Due to my involvement over the last year and a half in efforts to not only document the history of our 132-year old span, but also save it from the impending doom of the state Department of Transportation’s scrap heap, I’ve become sensitized to old bridges in general — particularly truss bridges like ours (and George’s).
Seeing the movie from this new perspective, I became intrigued by the film’s use of the bridge as a symbol. Sixty years ago, when It’s a Wonderful Life was first released, plenty of small truss bridges still existed. Clearly, it was one of many elements used by the filmmakers to convey the quaint, homey feel of a small, American town — towns like Westport, and thousands of others across the country.
George Bailey’s bridge, set in fictional Bedford Falls, plays a pivotal role in the story. The 2 most transformative moments occur as George stands upon it: the first as he prepares to jump from it, the second when he returns to the bridge and desperately pleads, “I want to live.”
It’s believed that the town of Seneca Falls, New York was director Frank Capra’s inspiration for It’s a Wonderful Life. He supposedly visited Seneca Falls during the time the screenplay was being developed. Seneca Falls has a real bridge that looks much like the one depicted in the movie.
It also looks a lot like our Saugatuck swing bridge.
Though the Seneca Falls bridge and Westport’s are similar in many ways, Seneca’s can’t hold a candle to our own.
Our bridge, built in 1884, is 132 years old — the oldest active bridge of its type in the nation. Seneca’s, built in 1915, is a mere 101. Both are truss bridges, though ours is longer and made of iron; theirs is made of steel. Our bridge swings open for boat traffic; theirs doesn’t. The roads over both bridges are known as Bridge Street — but ours has the additional honor of being designated a State Scenic Road.
Our bridge crosses the Saugatuck River; theirs crosses the Seneca. Both bridges are still in use and open to traffic. Neither is tall enough to allow semi-tractor trailers to cross.
But here’s where Seneca’s bridge has it over ours. It was rehabilitated in 1997. Ours may meet the wrecking ball within the next few years — if the State has its druthers. DOT wants to make room for big rigs.
In the fictional town of Bedford Falls, and in the real-life towns of Seneca Falls and Westport, bridges are iconic symbols that tell a story, provide a sense of place, and teach us about our history. They span rivers and time. They connect what separates us, and they can deter what we prefer to fend off.
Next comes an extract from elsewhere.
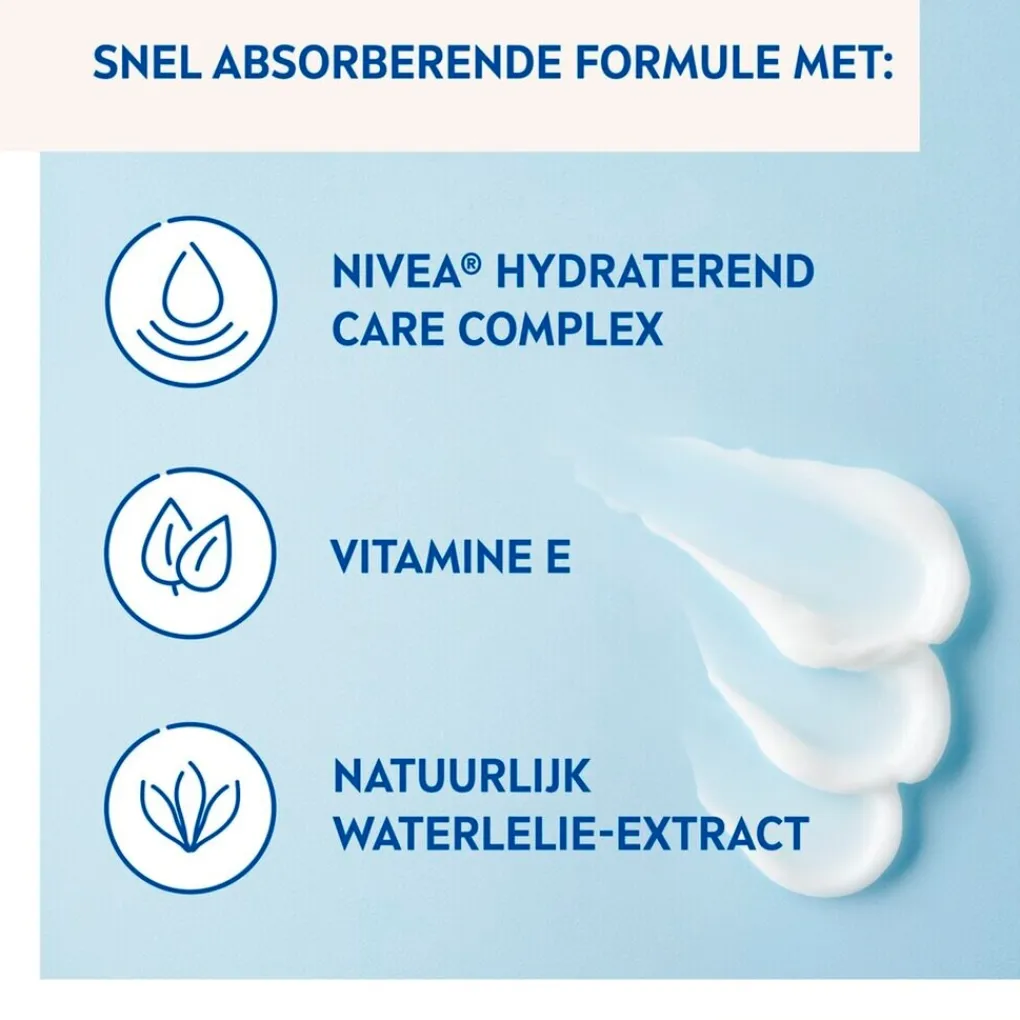Nivea Skincare Dagcreme>NIVEA Hydraterende Dagcrème met SPF30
In It’s a Wonderful Life, the critical moment occurs as George stands for the 2nd time on the Bedford Falls Bridge and begs to have his old life back again. Suddenly, snow begins to fall. He is transported from his alternate reality and returned to the present. His gratitude sends him jubilantly running through the streets of Bedford Falls, shouting greetings to all the buildings and friends he cherishes.
As the film ends, all is well in Bedford Falls. Goodness triumphs over selfishness and greed, bells ring and the angel Clarence gets his wings.
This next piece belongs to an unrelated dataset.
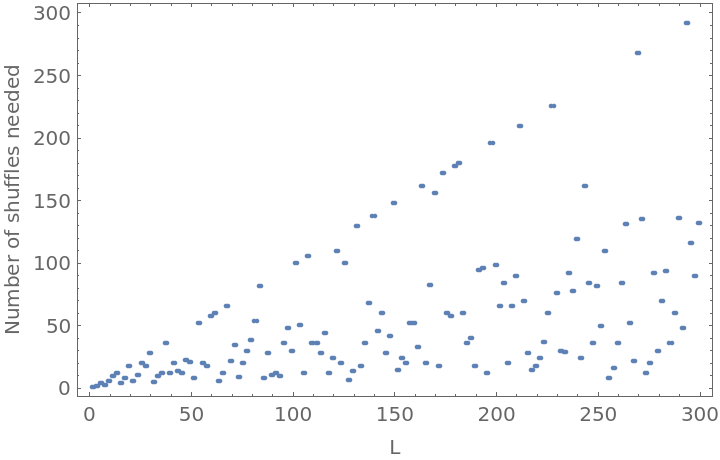 OutShuffle | Wolfram Function Repository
Having newly seen It’s a Wonderful Life from the bridge’s perspective, I realize that it offers Westporters valuable insights and inspiration.
Will we fight hard to keep what many of us cherish — our Saugatuck swing bridge? What powerful forces will try to overcome valiant efforts to keep it just the way it is? What changes to the bridge could transform (or devastate) portions of our community forever? If we lose it, will we wish we had better understood the wisdom of its ways?
The film ends with 4 important words. The entire cast sings “Auld Lang Syne.” Loosely translated from Scottish, the phrase means “for the sake of old times.” Let’s remember those words.